EXERCISE REQUIREMENTS> Leaving out the pictures, transcribe all of the records faithfully.
====== RECORDED DATA
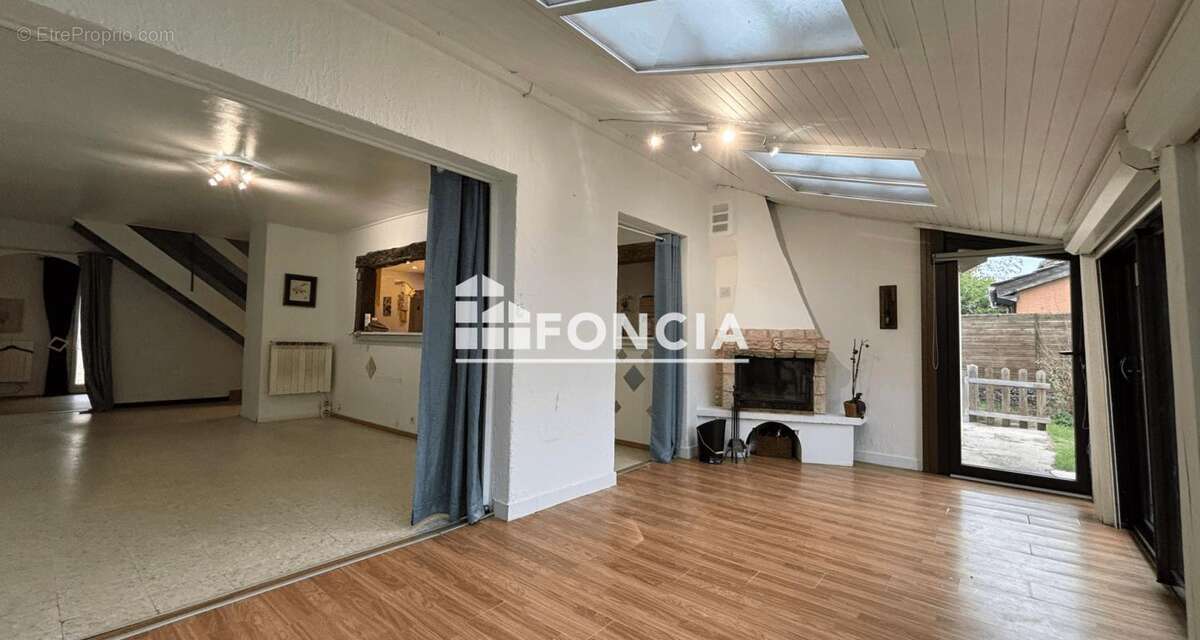 Maison à ROMANS-SUR-ISERE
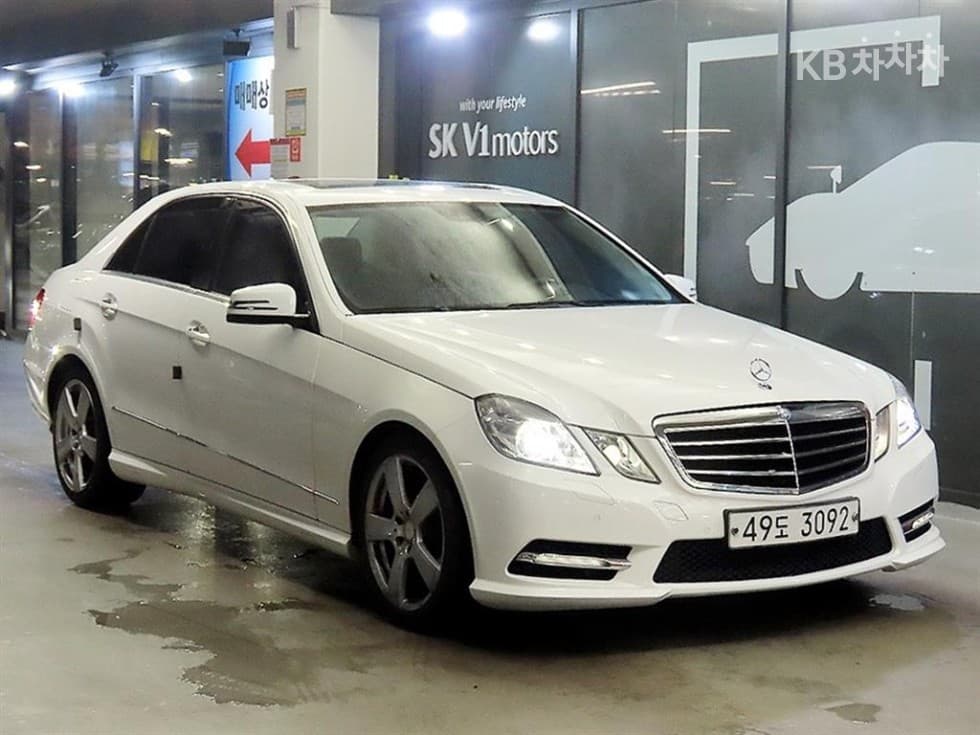 Mercedes-Benz New E-Class E300 Avantgarde W212(09~13) - Image 1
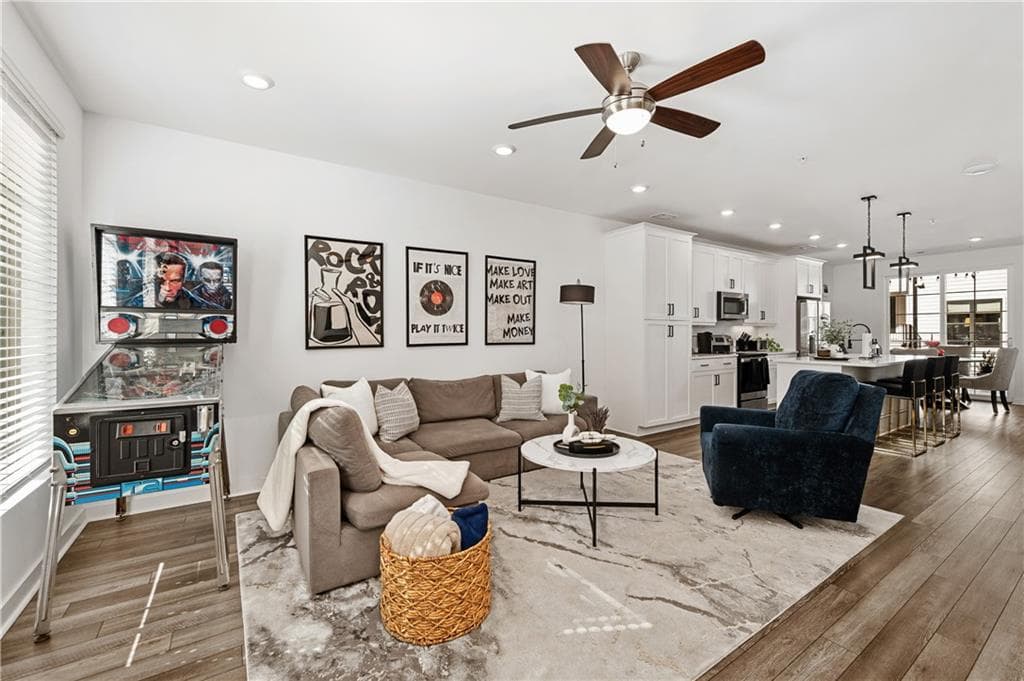 2 bedroom, 2 bathroom condominium sold at 511 Burton Drive 805, Alpharetta, GA 30009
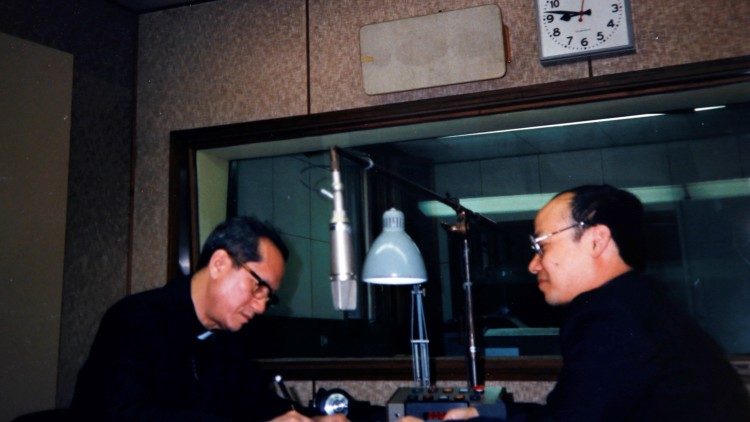 ĐHY. Fx. Nguyễn Văn Thuận và cha Giuse Trần Đức Anh tại phòng thu của Radio Vatican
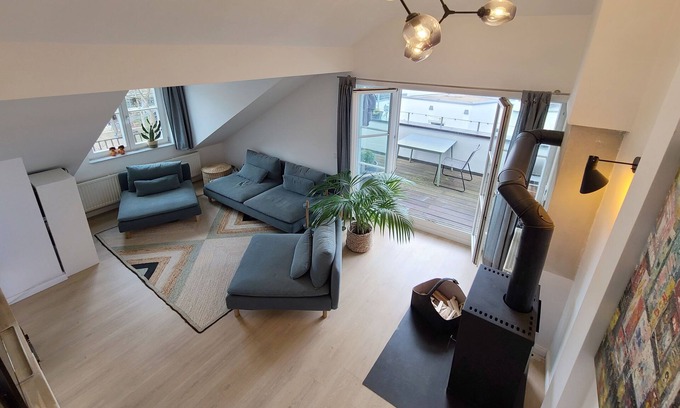 Schwabing Appartement | Dream condo 70% off for taking care of our cat between August 22 and Sept 9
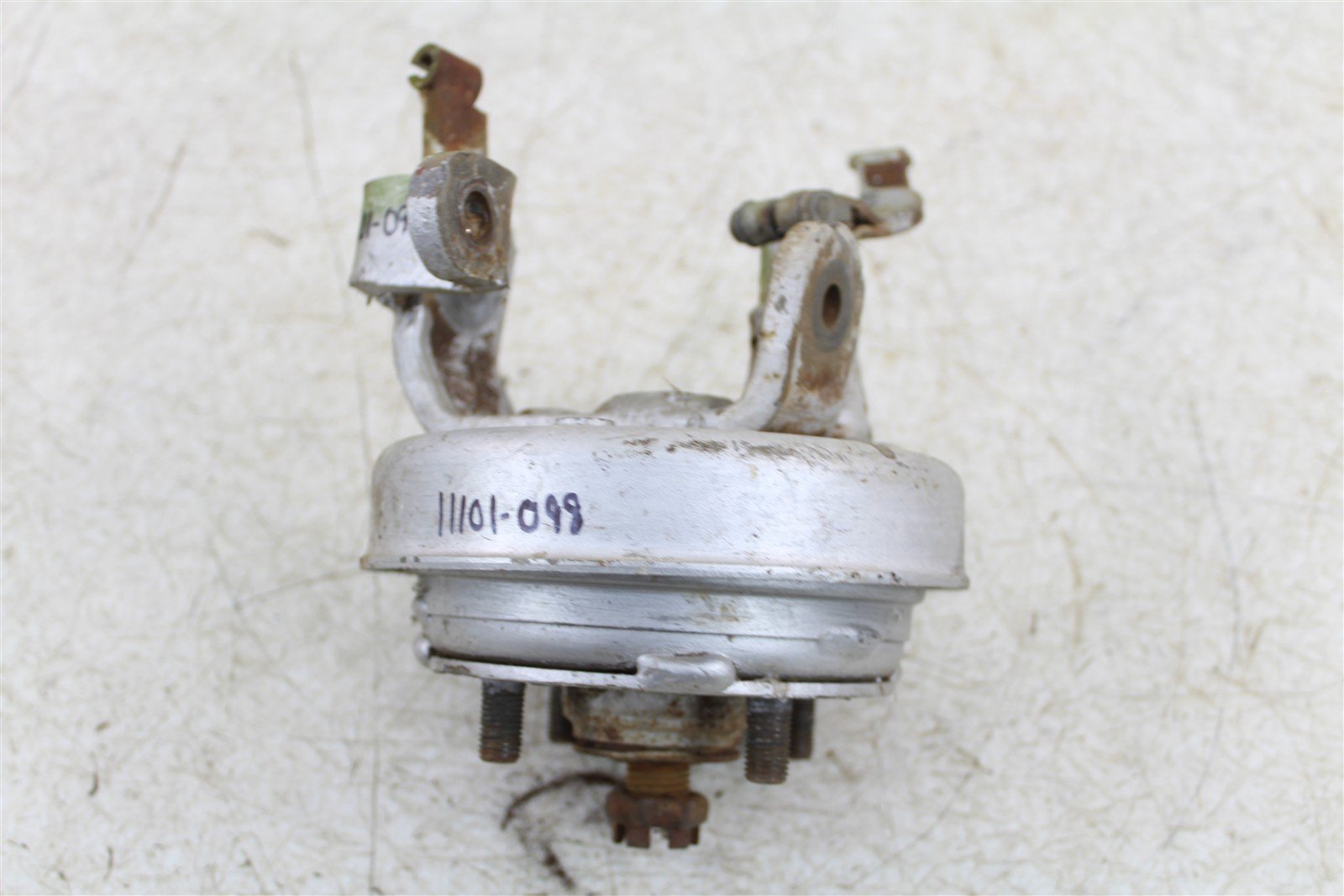 1985 Honda Fourtrax TRX 125 Front Left Brake Drum Backing Plate Panel Hub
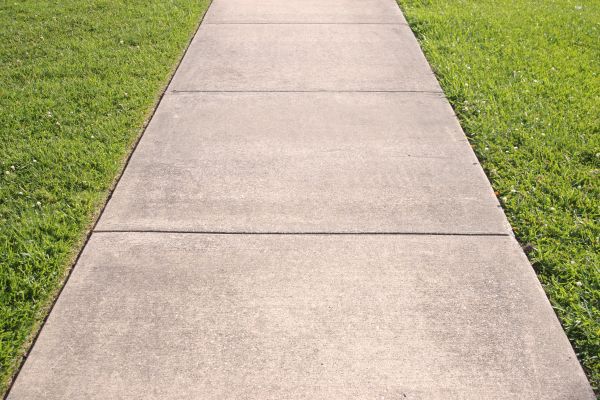 Cement Sidewalk Replacement in Silver Spring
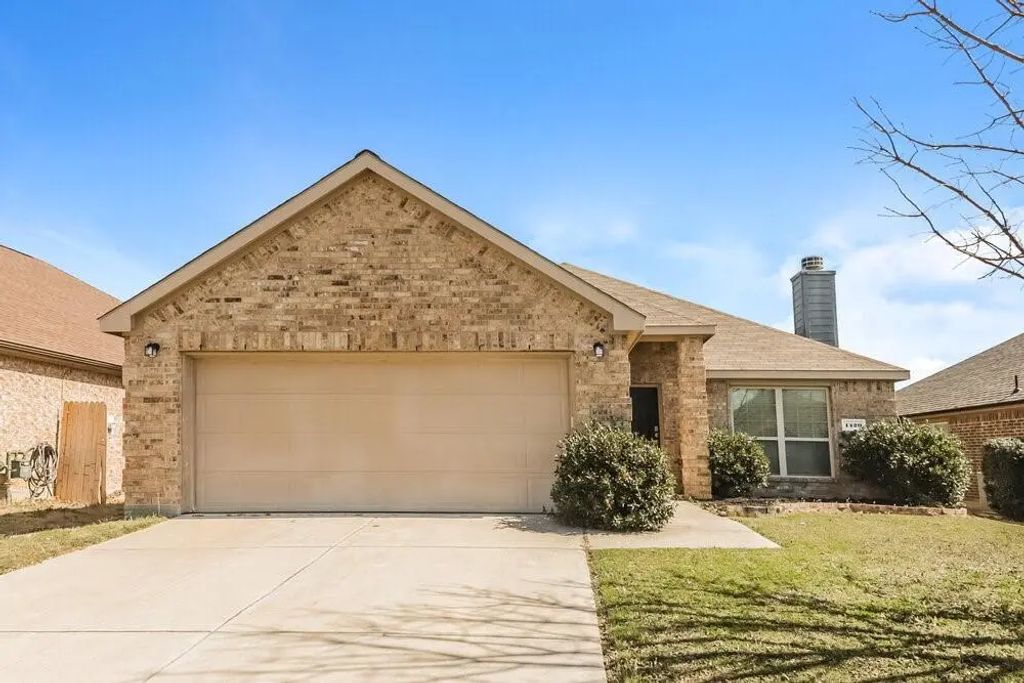 1429 Hawk Valley Drive, Little Elm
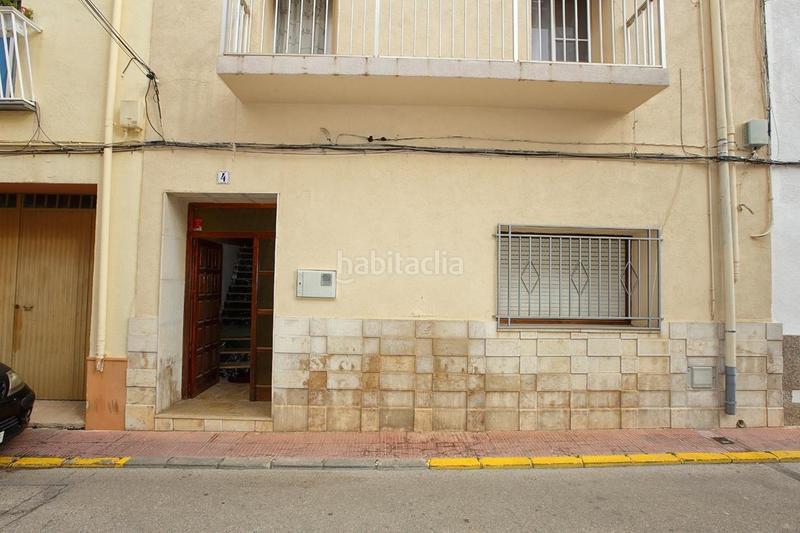 Foto a73114f4-c8ef-48cc-95a5-5a558af37522. Casa gran casa distribuida en planta baja mas dos plantas altas. posibilidad de hacer dos viviendas. en Alcanar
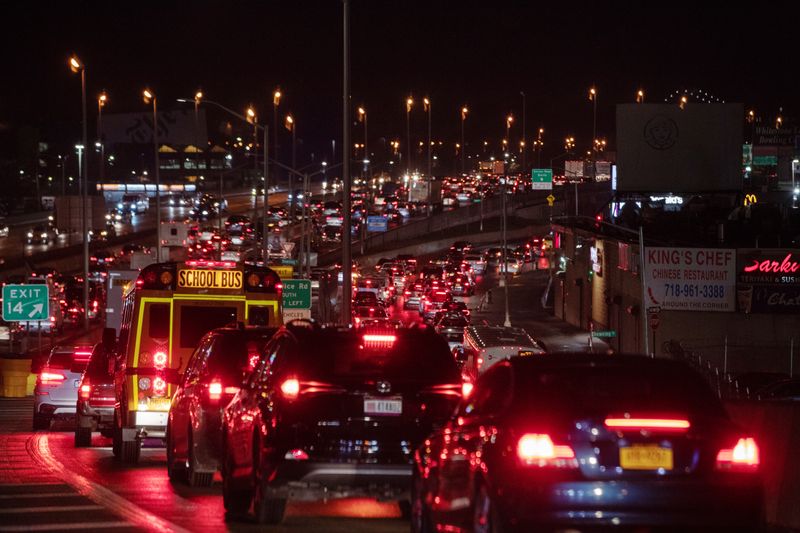 &copy; Reuters. Lights illuminate the roadway as cars sit in traffic to depart New York City the day before the Thanksgiving holiday in New York, U.S., November 27, 2019.  REUTERS/Lucas Jackson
============
TASK SOLUTION>
 Maison à ROMANS-SUR-ISERE
 Mercedes-Benz New E-Class E300 Avantgarde W212(09~13) - Image 1
 2 bedroom, 2 bathroom condominium sold at 511 Burton Drive 805, Alpharetta, GA 30009
 ĐHY. Fx. Nguyễn Văn Thuận và cha Giuse Trần Đức Anh tại phòng thu của Radio Vatican
 Schwabing Appartement | Dream condo 70% off for taking care of our cat between August 22 and Sept 9
 1985 Honda Fourtrax TRX 125 Front Left Brake Drum Backing Plate Panel Hub
 Cement Sidewalk Replacement in Silver Spring
 1429 Hawk Valley Drive, Little Elm
 Foto a73114f4-c8ef-48cc-95a5-5a558af37522. Casa gran casa distribuida en planta baja mas dos plantas altas. posibilidad de hacer dos viviendas. en Alcanar
 &copy; Reuters. Lights illuminate the roadway as cars sit in traffic to depart New York City the day before the Thanksgiving holiday in New York, U.S., November 27, 2019.  REUTERS/Lucas Jackson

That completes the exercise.